Computation & Consciousness

"Consciousness Is Not Computation"—A Confusion of Terms

The claim sounds deep, and the intuition behind it is worth taking seriously. But it rests on an ambiguity in what "computation" means mathematically—and once you resolve that ambiguity, the debate changes completely.

Peter Godfrey-Smith, writing in the Institute of Art and Ideas, argues that studies on animal minds suggest consciousness is not computation. His core claim: "the physical make-up of a system" matters to consciousness, so duplicating the abstract computational organization of a brain in silicon wouldn't be enough. Consciousness depends on biology, not on mere computation.

He is not alone. Anil Seth, in a recent target article in Behavioral and Brain Sciences (Seth 2025), develops a sophisticated form of "epistemic biological naturalism," arguing that human conscious experience can only be understood in light of our nature as living, self-sustaining organisms, and that current AI trajectories are unlikely to produce consciousness.

Both arguments are motivated by genuine and important insights. Anyone who has watched an octopus navigate a maze or a bee communicate a flower's location feels the pull: there is something going on in these biological systems that seems to resist being captured in a flow chart. But both arguments share a hidden assumption that, once surfaced, reframes the entire debate. They assume we know what "computation" means—and they assume it means something narrow.

What does "computation" actually mean?

In popular discourse, "computation" conjures images of silicon chips shuffling symbols—an abstract, substrate-independent process that has nothing to do with the wet, warm, physical world. This is the picture Godfrey-Smith is arguing against, and if this were all computation meant, he might have a point.

But mathematically, computation is something much broader and more fundamental. In recent work (Coarse-Grained Computation Between Dynamical Systems, Ruffini 2025), building on the dynamical-systems framework of Wolpert & Korbel (2025), I proposed a precise definition:

Definition—Coarse-Grained Computation

A dynamical system A is said to compute another dynamical system B if there exist coarse-grainings of both systems such that their induced (simplified) dynamics are isomorphic—that is, mathematically identical as dynamical systems:

C(A) ≅ C(B)

Informally: a coarse version of A mimics a coarse version of B.

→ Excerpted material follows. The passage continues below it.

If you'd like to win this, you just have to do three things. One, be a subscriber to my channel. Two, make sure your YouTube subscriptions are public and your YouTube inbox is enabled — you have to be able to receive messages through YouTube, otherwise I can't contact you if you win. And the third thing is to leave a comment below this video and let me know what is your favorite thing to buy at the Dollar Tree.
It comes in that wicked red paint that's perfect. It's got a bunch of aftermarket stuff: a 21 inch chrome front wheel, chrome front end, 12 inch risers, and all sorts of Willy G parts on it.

That's it. No silicon required. No symbols. No programming language. Computation is a relation between dynamical systems at a given scale. When a computer simulates the ocean by solving discretized Navier–Stokes equations, it computes the ocean in exactly this sense: the coarse-grained dynamics of the machine's registers are isomorphic to the coarse-grained dynamics of the ocean's temperature, salinity, and velocity fields.

And here is the key insight: this definition is symmetric. If the computer computes the ocean, the ocean equally computes the computer (at the relevant coarse scale). Computation is not something that only silicon does. It is something that all dynamical systems participate in, whenever their coarse-grained behaviors match.

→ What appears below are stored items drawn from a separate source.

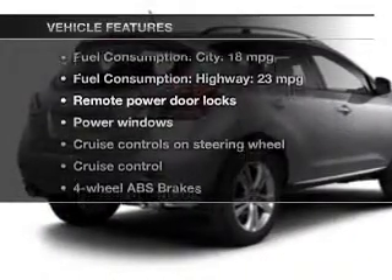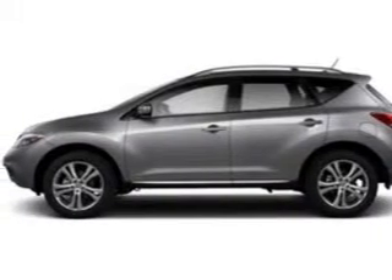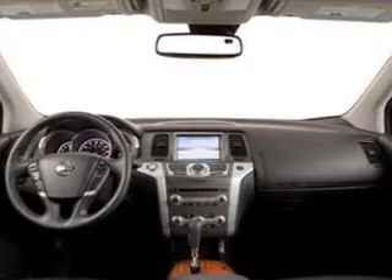Enjoy these notable features that are included in this vehicle: power door locks, power windows, cruise control, and AM-FM stereo with an MP3 player. Power mirrors, power steering, and air conditioning.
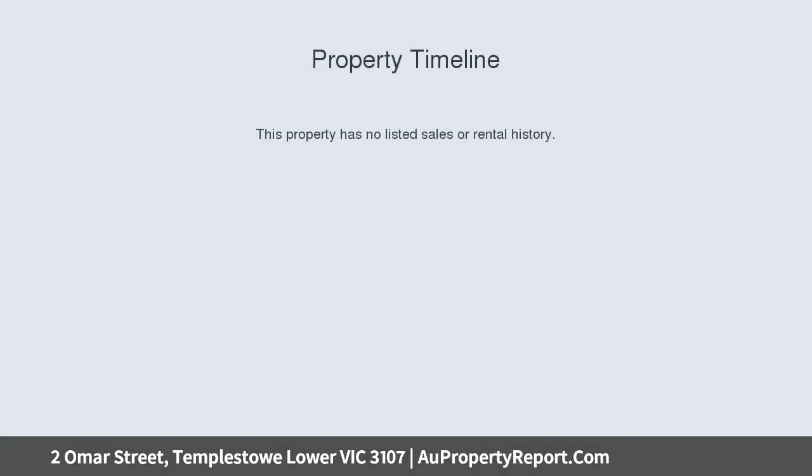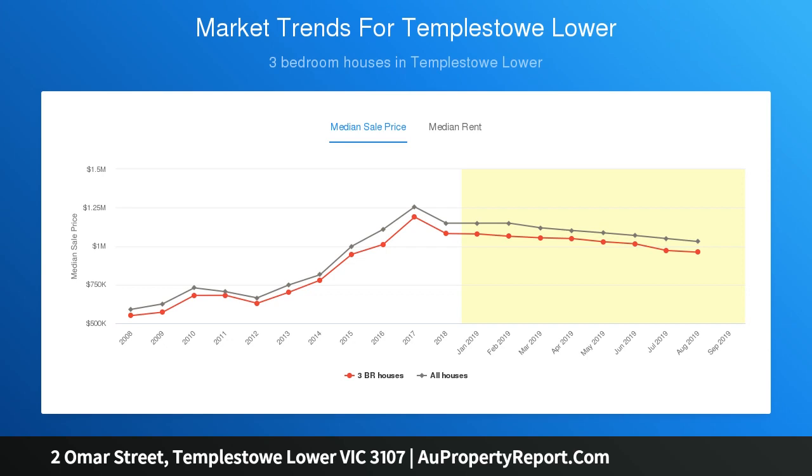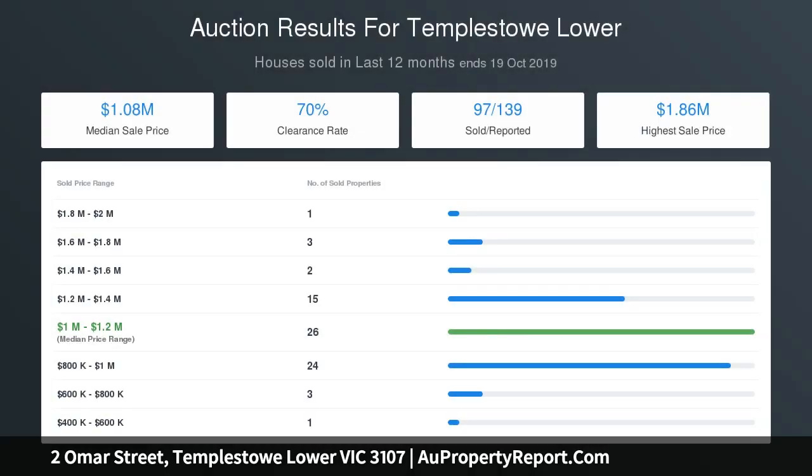Bathed in natural light and offering three generous sized robed bedrooms, master with en suite, serviced by a fresh main bathroom. This warm and welcoming home delights with its bright and airy layout that also comfortably accommodates a sun-kissed living and dining domain, and a well-appointed kitchen that links with a radiant open-plan family meals area.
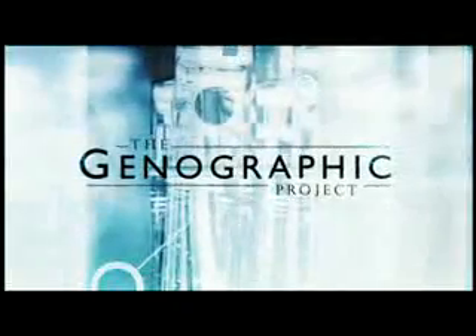The Genographic Project. National Geographic and IBM are teaming up to collect and analyze DNA samples from human populations around the world, resulting in the most comprehensive picture of human genetic variation ever created.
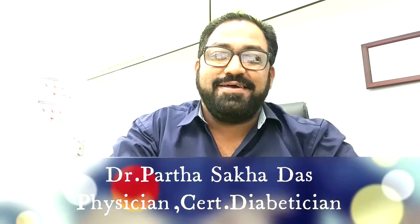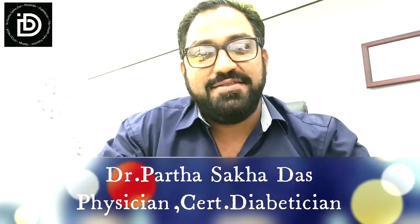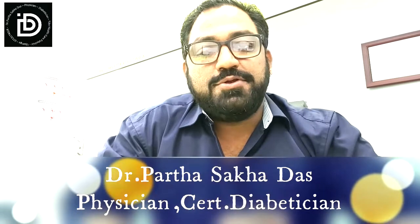Hello, I am Dr. Das. Welcome back to my channel. Today we are going to talk about a condition caused by the thyroid. Before we start, you need to know what exactly the thyroid is — it's a gland which is located in our frontal neck.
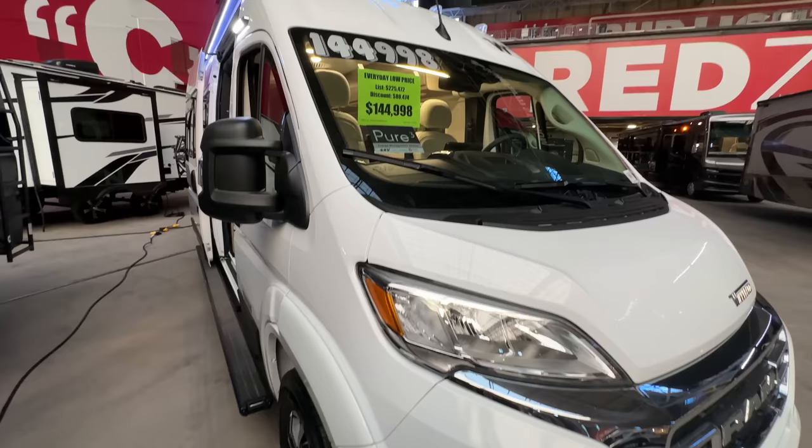This is on the Mercedes 3500 chassis and it is actually the extended model — a 170 extended wheelbase. So it's very long. It's the biggest van you can get, at least the longest.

The deeper layer: dynamics is computation

The equivalence between dynamics and computation goes even deeper than the coarse-graining definition above. The Church–Turing thesis—the foundational conjecture at the heart of computer science—asserts that any effective procedure can be carried out by a Turing machine. Its physical extension, due to Gandy and Deutsch, elevates this from a statement about algorithms to an empirical claim about nature: any physically realizable process can, in principle, be simulated to arbitrary accuracy by a universal (quantum) computer. No known physical process has ever produced a counterexample. Digital physics (Zuse, Fredkin, Wolfram) takes the next step, proposing that the universe is itself fundamentally a finite-information, effectively computable system.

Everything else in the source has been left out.